TASK TO CARRY OUT: Make an exact copy of the lines from the one holding "Könnte beinhalten: Eine" through the end of the entries below, both ends kept, and of nothing else. Exclude pictures.
START EXTRACTED DATA
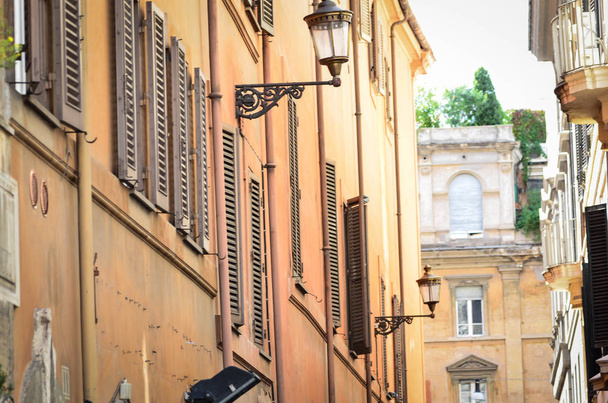 van dichtbij zicht op de historische straten van Rome - Foto, afbeelding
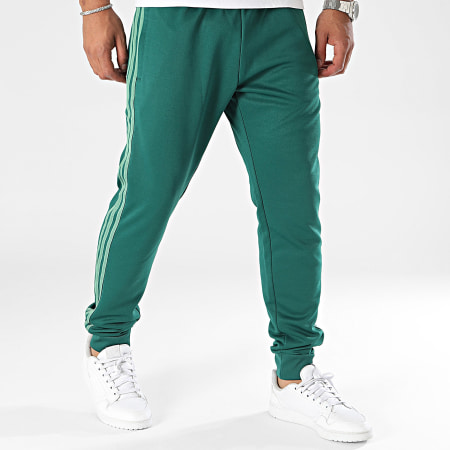 Adidas Originals - SST IY8729 Groene Joggingbroek met Band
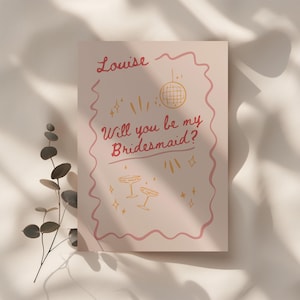 Könnte beinhalten: Eine rosa Karte mit dem Text "Louise" oben und "Will you be my Bridesmaid?" in der Mitte. Die Karte hat einen wellenförmigen rosa Rand und enthält Illustrationen einer Discokugel, Sektgläsern und Sternen.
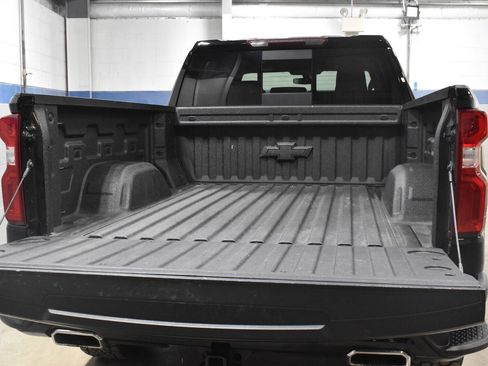 Used 2021 Chevrolet Silverado 1500 LT Trail Boss w/ Convenience Package II AWD/4WD image 24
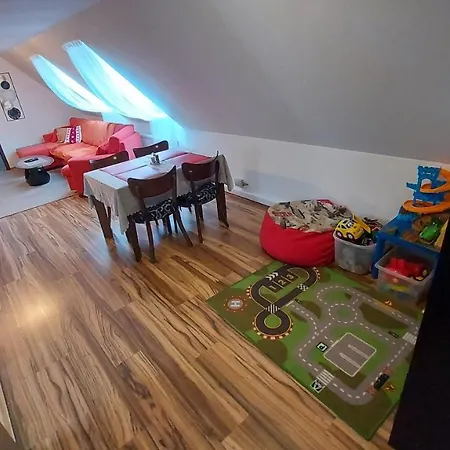 Pre 5-6 Osob, Privatne Parkovanie A Terasa Lejlighedshotel 3*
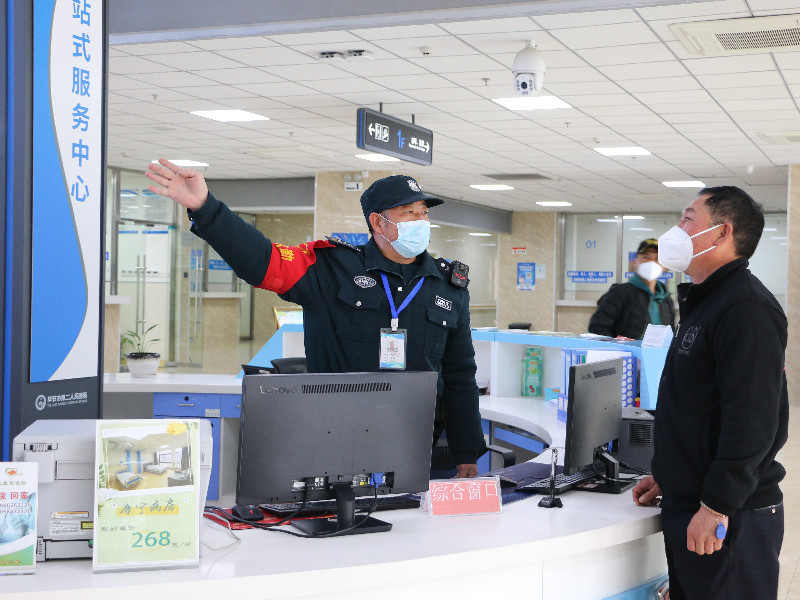 贵阳中心秩序维护员为业主做指引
END EXTRACTED DATA
ANSWER:
 Könnte beinhalten: Eine rosa Karte mit dem Text "Louise" oben und "Will you be my Bridesmaid?" in der Mitte. Die Karte hat einen wellenförmigen rosa Rand und enthält Illustrationen einer Discokugel, Sektgläsern und Sternen.
 Used 2021 Chevrolet Silverado 1500 LT Trail Boss w/ Convenience Package II AWD/4WD image 24
 Pre 5-6 Osob, Privatne Parkovanie A Terasa Lejlighedshotel 3*
 贵阳中心秩序维护员为业主做指引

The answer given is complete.